Little, Big pg 268Sleep has a stronger hand to play, now that I’m getting older. She visits me with more regularity — the end of work, the last hour on the edge of normal-person bedtime — and she usually wins.
I remember, with bitter nostalgia, my time as the dominant party in this rivalry.
From my teens until my late twenties, I was assertive with sleep, stern in guarding my boundaries. In a week, I could get by on 30 hours of sleep… several short, productive nights, followed by a low-key “catch up” night, and then back into the fray. I don’t know whether it affected my life expectancy, but it gave me a feeling of control over my time, and I got a lot of writing and gaming and movie-watching and exploring done.
I have a kid now… a toddler, a fucking dream come true of a little girl… and I’ve lost a lot of leverage in these negotiations with Sleep. Even when the little one’s not waking up for comfort in the scarce morning hours, she gets up at 6:30 AM — always, like a milk-crazy alarm clock — so I can’t have those short Saturdays and Sundays any more, where I lose a whole half-day to the blissful, achy shame of daytime slumber.

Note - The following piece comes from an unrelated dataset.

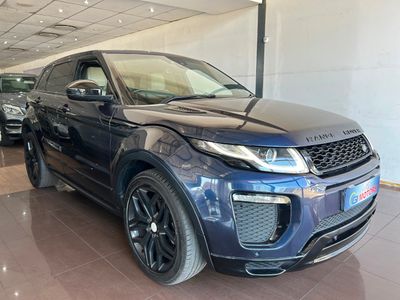 2017 Land Rover Range Rover Evoque 2.0 SD4 HSE Dynamic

You know how parents always seem to have these uptight, early-bedtime, high maintenance sleep habits? Well, there’s a reason for that: having a child changes your whole economy of time and energy. It’s such a humbling, such a paradigm shift, it’s hard to imagine it could possibly be worth it, unless you’ve actually had the experience (where you suddenly realize it’s “worth” pretty much anything).
She looks so peaceful in her crib, and she’s so happy when she’s sleeping well, it’s easy to forget that Sleep and I haven’t resolved our antagonism. It’s up to me to mediate that Daughter/Sleep relationship, after all… creating a “good relationship” with Sleep, i.e. creating good sleep habits, is a imperative parenting role.
But I need to remind myself: Sleep isn’t always a friend. We foster these good sleep habits so the little girl has an opportunity to be on good terms with Sleep, so Sleep is ready to help us take care of her. But we are not here to force it on her. And seeing her and admiring her peaceful breathing when she’s asleep? That “Ah, she’s so perfect” moment? That’s for my own satisfaction, not purely for her well-being.
The girl might love Sleep, like her mommy. That would be fine with me. But she also might fight with it, resent it, keep her distance from it. She deserves that chance, too.
So I’m not going to surrender to Sleep. I’m not going to bow down, promise her my Witching Hours in return for comfort and consistency. I will keep resisting her, at my own discretion, until the day when she wins that final battle and my eyes close forever. I think, after this lifetime of short nights, I’ll be able to appreciate that restful eternity even more.